HOARD
HOARD
Seven-year-old Maria lives with her mother who suffers from obsessive hoarding disorder. Social services recognise her upbringing environment in tragic circumstances and move her to a foster family. Years later, the girl confronts the traumas of her childhood.
Seven-year-old Maria (Lily-Beau Leach) grows up in a contradictory world. What should be a space for play, a castle out of a Disney animation, is a fortress of garbage that she stumbles over at the doorstep. Maria's mother, Cynthia (Hayley Squires), aspires to be a magical guide in her daughter's childhood, but she suffers from hoarding disorder and sprays the stench of decay into their home. The boundary between a childhood with a boundlessly loving parent and a pathological environment for upbringing is very fluid. This is also recognized by social services in tragic circumstances.
Cynthia's idyllic serenity is interrupted when the girl is plucked from a sea of waste and transferred to a foster family, where she is given socially acceptable care. Luna Carmoon boldly depicts teenage Maria's (Saura Lightfoot Leon) confrontation with her past, where her mother calls black the white and the suffocating pile of waste the titular hoards.

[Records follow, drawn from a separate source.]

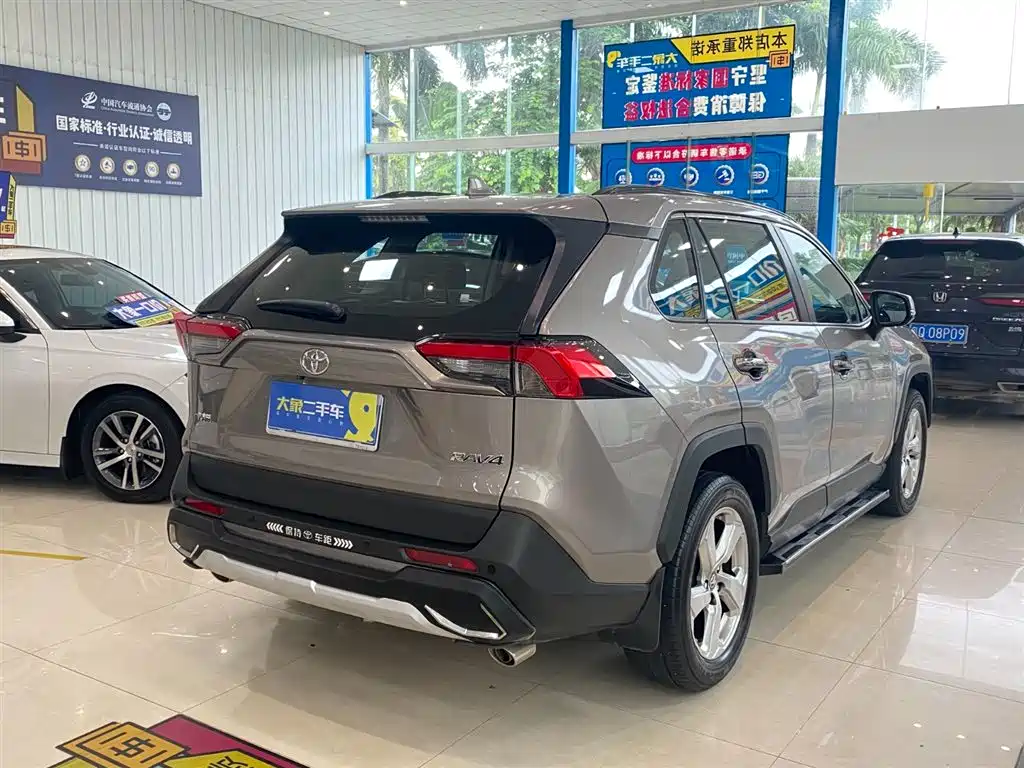 Toyota RAV4 2021 — фото 14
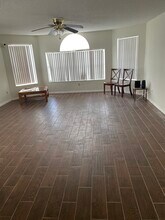 2489 Sweetwater Club Cir in Kissimmee, FL - Building Photo - Building Photo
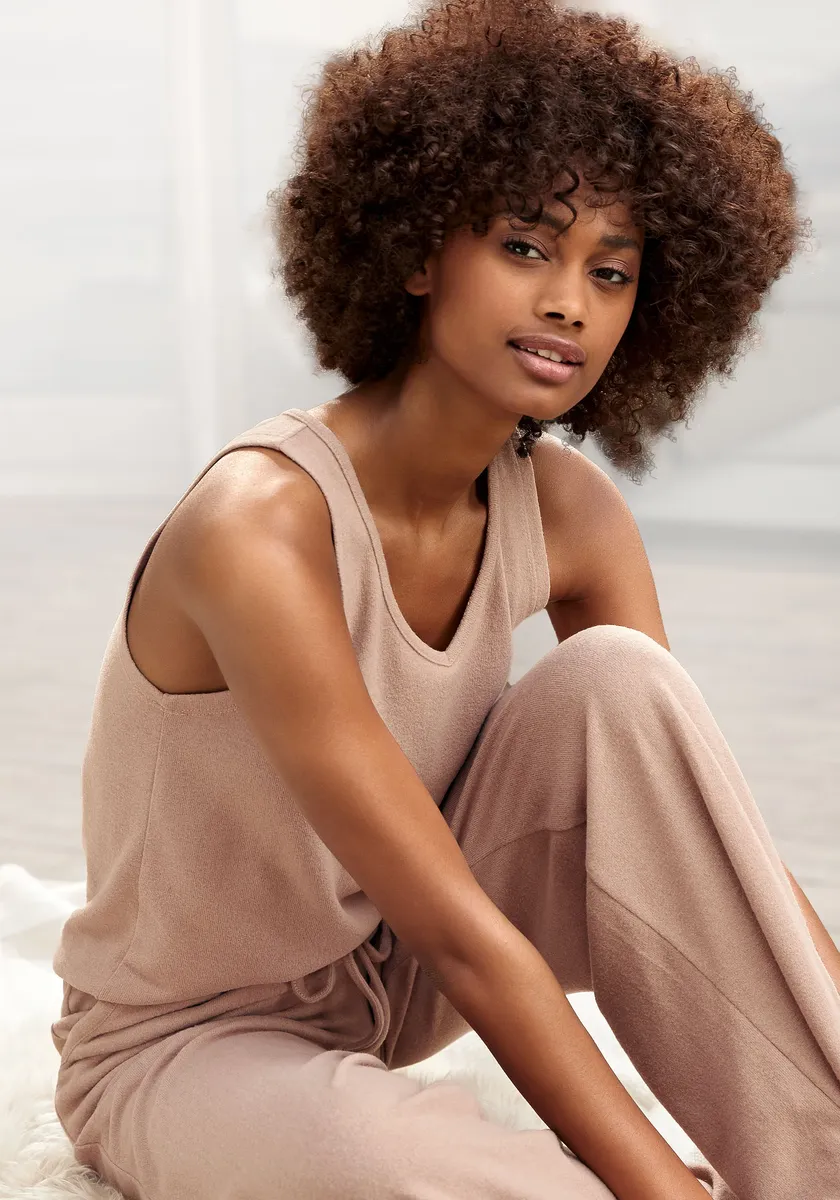 LASCANA вязаный топ "lounge top", на широких бретелях, одежда для дома, коричневый
LASCANA вязаный топ "lounge top", на широких бретелях, одежда для дома, коричневый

The British debutante's film is an immersive experience that, at times, turns the stomach upside down with the repelling smells emanating from the screen. It presents naturalistic images and unsettles with a dreamlike (or nightmarish) atmosphere as Michael (Joseph Quinn) enters Maria's life. Their shared play is tinged with uncomfortable ambiguity and ritualistic madness, provoking the girl to confront memories of a difficult childhood and grief. Recognized at the Venice Film Festival, "Hoard" has secured a place for the young director among the talented British debutantes.